The last lesson in this Yarmuk elementary school is still on the board, 12 years after the Palestinian camp was engulfed in Syria's civil war. Aris MESSINIS / AFP
The last lesson in this Yarmuk elementary school is still on the board, 12 years after the Palestinian camp was engulfed in Syria's civil war. Aris MESSINIS / AFP

School lessons ended in Syria's biggest Palestinian refugee camp on October 18, 2012, judging by the date still chalked up on the board more than a decade later.
"I am playing football"; "She is eating an apple"; "The boys are flying a kite" are written in English.
Outside, the remaining children in the Damascus suburb of Yarmuk now play among the shattered ruins left by Syria's years of civil war.
And as the kids chase through clouds of concrete dust, a torture victim -- freed from jail this month when opposition factions toppled Bashar al-Assad's government -- hobbles through the rubble.
"Since I left the prison until now, I sleep one or two hours max," 30-year-old Mahmud Khaled Ajaj told AFP.
Since 1957, Yarmuk has been a 2.1-square-kilometer (519-acre) "refugee camp" for Palestinians displaced by the founding of the modern Israeli state.
Shattered city
Like similar camps across the Middle East, over the decades it has become a dense urban community of multi-storey concrete housing blocks and businesses.
According to the United Nations agency for Palestinian refugees, UNRWA, at the start of Syria's conflict in 2011 it was home to 160,000 registered refugees.
Rebellion, air strikes and a siege by government forces had devastated the area and left by September this year only 8,160 people still clinging to life in the ruins.
With Assad's fall, more may return to reopen the damaged schools and mosques, but many like Ajaj will have terrible tales to tell of Assad's persecution.
The former Free Syrian Army opposition fighter spent seven years in government custody, most of it at the notorious Saydnaya prison, and was only released when Assad's rule ended on December 8.
Ajaj's face is still paler than those of his neighbors, who are tanned from sitting outside ruined homes, and he walks awkwardly with a back brace after years of beatings.
At one point, a prison doctor injected him in the spine and partly paralyzed him -- he thinks on purpose -- but what really haunts him was the hunger in his packed cell.
"My neighbors and relatives know that I had little food, so they bring me food and fruit.
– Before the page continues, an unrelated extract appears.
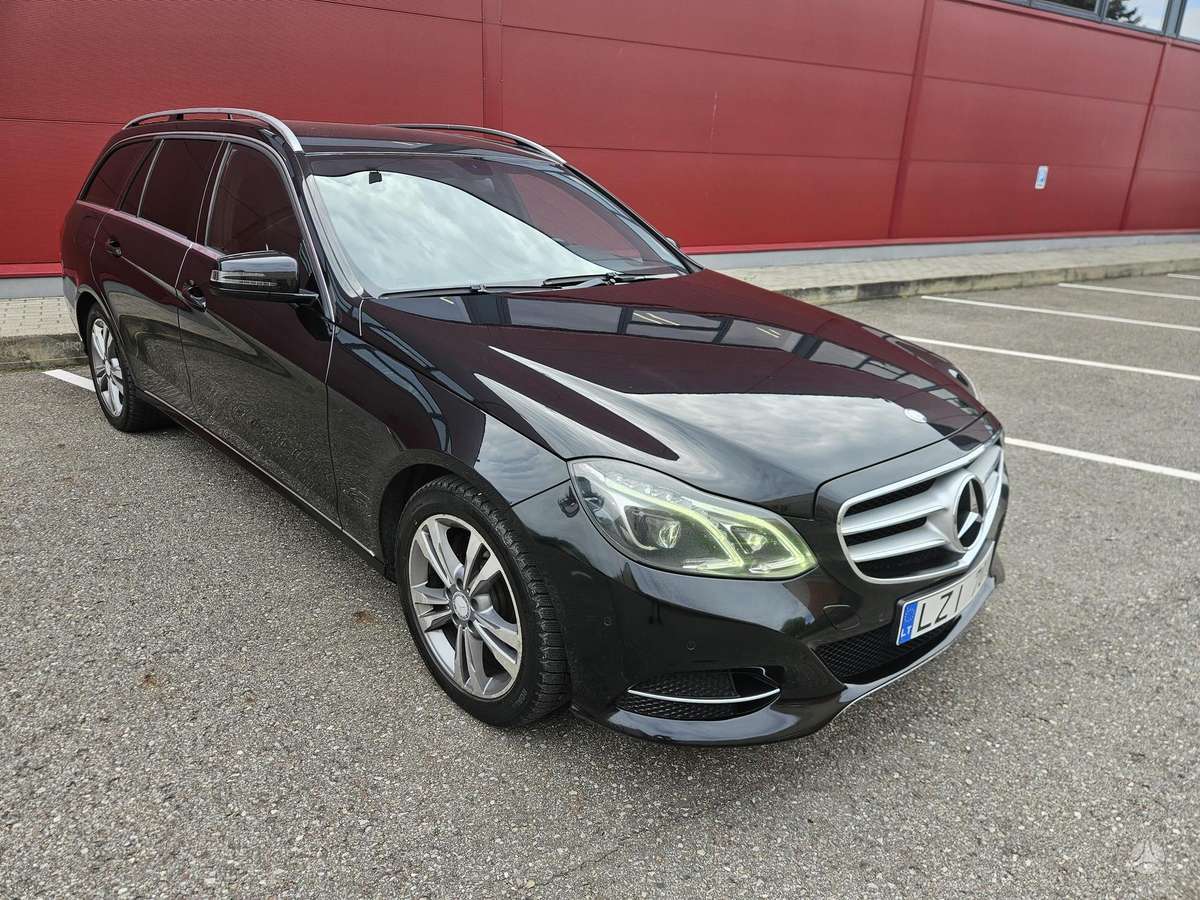 Mercedes-Benz E300, 3.0 l., Универсал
I don't sleep if the food is not next to me. The bread, especially the bread," he said.
"Yesterday, we had bread leftovers," he said, relishing being outside after his windowless group cell, and ignoring calls from his family to come to see a concerned aunt.
"My parents usually keep them for the birds to feed them. I told them: 'Give part of them to the birds and keep the rest for me. Even if they are dry or old I want them for me'."
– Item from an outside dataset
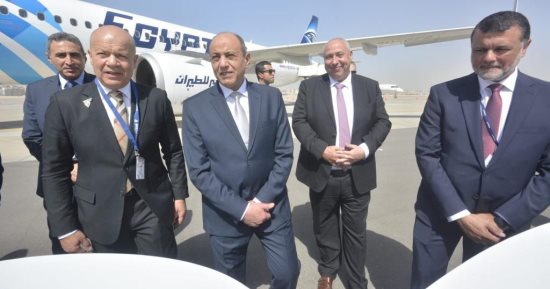 وزير الطيران يشهد مراسم تسليم أولى طائرات الإيرباص A321 NEO.. صور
As Ajaj spoke to AFP, two passing Palestinian women paused to see if he had any news of missing relatives since Syria's ousted leader fled to Russia.
The International Committee of the Red Cross has documented more than 35,000 cases of disappearances under Assad's rule.
Ajaj's ordeal was extreme, but the entire Yarmuk community has suffered on the frontline of Assad's war for survival, with Palestinians roped into fighting on both sides.
Bullets lodged
The graveyard is cratered by air strikes. Families struggle to find the tombs of their dead amid the devastation. The scars left by mortar strikes dot empty basketball courts.
Here and there, bulldozers are trying to shift rubble and the homeless try to scavenge re-usable debris. Some find work, but others struggle with trauma.
Haitham Hassan al-Nada, a lively and wild-eyed 28-year-old, invited an AFP reporter to run his hand over lumps he says are bullets still lodged in his skull and hands.
His father, a local trader, supports him and his wife and two children after Assad's forces shot him and left him for dead as a deserter from the government side.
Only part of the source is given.